ASP-DAC 2016 Technical Program

The 21st Asia and South Pacific Design Automation Conference

Session 6B Energy-Efficient & Customized Computing
Time: 10:20 - 12:00 Thursday, January 28, 2016
Location: TF4304
Chairs: Weichen Liu (Chongqing University, China), Yaoyao Ye (Dept. of Micro/Nano-Electronics, Shanghai Jiao Tong University, China)

6B-1 (Time: 10:20 - 10:45)

Title	Footfall – GPS Polling Scheduler for Power Saving on Wearable Devices
Author	*Kent W. Nixon, Xiang Chen, Yiran Chen (University of Pittsburgh, U.S.A.)
Page	pp. 563 - 568
Keyword	GPS, scheduler, map-matching, wearable
Abstract	Wrist-worn wearable fitness devices, such as FitBit and Apple Watch, have become popular in recent years. Runners can use the GPS embedded in these wearable devices to log the route taken during their exercise, providing vital feedback on pace and distance traveled. Unfortunately, continuous polling for GPS data results in a significant adverse impact on device battery life, e.g., many flagship wearables need to be charged for as frequently as every two days or even less. In this work, we propose Footfall – an intelligent GPS scheduler that can utilize data from alternative sensors on a device to greatly reduce GPS utilization while still maintaining minimum location accuracy. Compared to existing implementations, Footfall system can achieve on average a 75% reduction in total power consumption, while only inducing a 5% discrepancy in location accuracy, which is sufficient for the tar-geted applications.

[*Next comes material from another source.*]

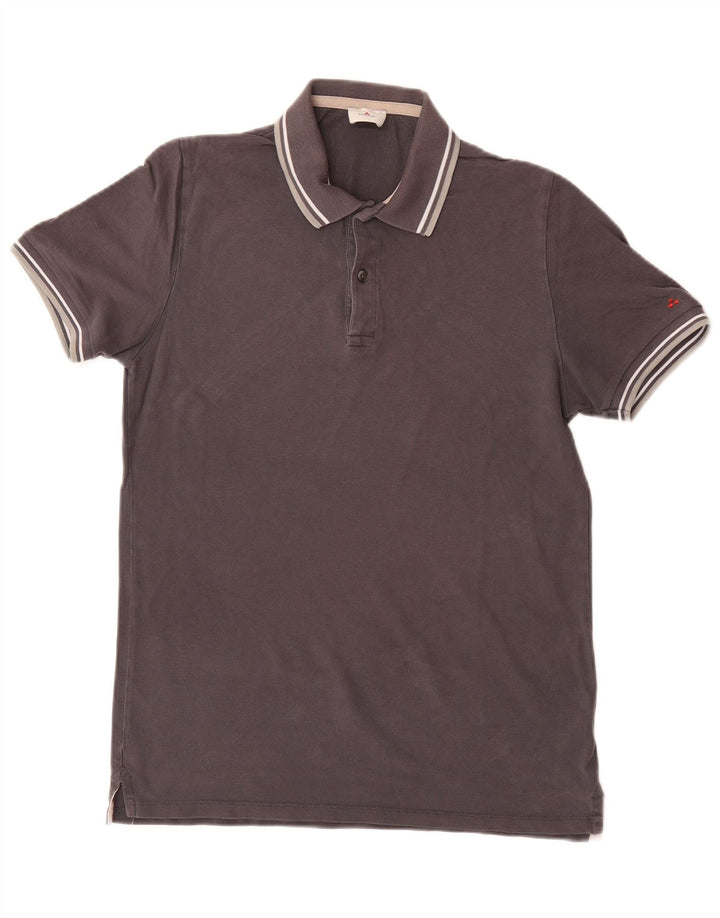 PEUTEREY Mens Polo Shirt Medium Grey Cotton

6B-2 (Time: 10:45 - 11:10)

Title	CP-FPGA: Computation Data-Aware Software/Hardware Co-design for Nonvolatile FPGAs based on Checkpointing Techniques
Author	*Zhe Yuan, Yongpan Liu, Hehe Li, Huazhong Yang (Tsinghua University, China)
Page	pp. 569 - 574
Keyword	FPGA, nonvolatile, checkpoint, IOT
Abstract	With the booming trend of internet of things (IoT), reconfigurable devices, such as FPGAs, have drawn lots of attentions due to their flexible and high-performance capability. However, commercial FPGAs suffer from high leakage power consumption, which makes zero-leakage nonvolatile FPGA (nvFPGA) promising. This paper proposes a hardware/software co-design based nvFPGA with efficient checkpointing strategy. With nonvolatile checkpointing BRAM (CBRAM), it maintains both computation data as well as configuration when power-off to avoid expensive rollbacks due to data loss. A checkpointing location-aware technique is used to balance computation rollback overheads and backup energy. Experimental results show that the proposed checkpointing strategy can reduce 45.8% backup data of nvFPGA when system-level power gating happens.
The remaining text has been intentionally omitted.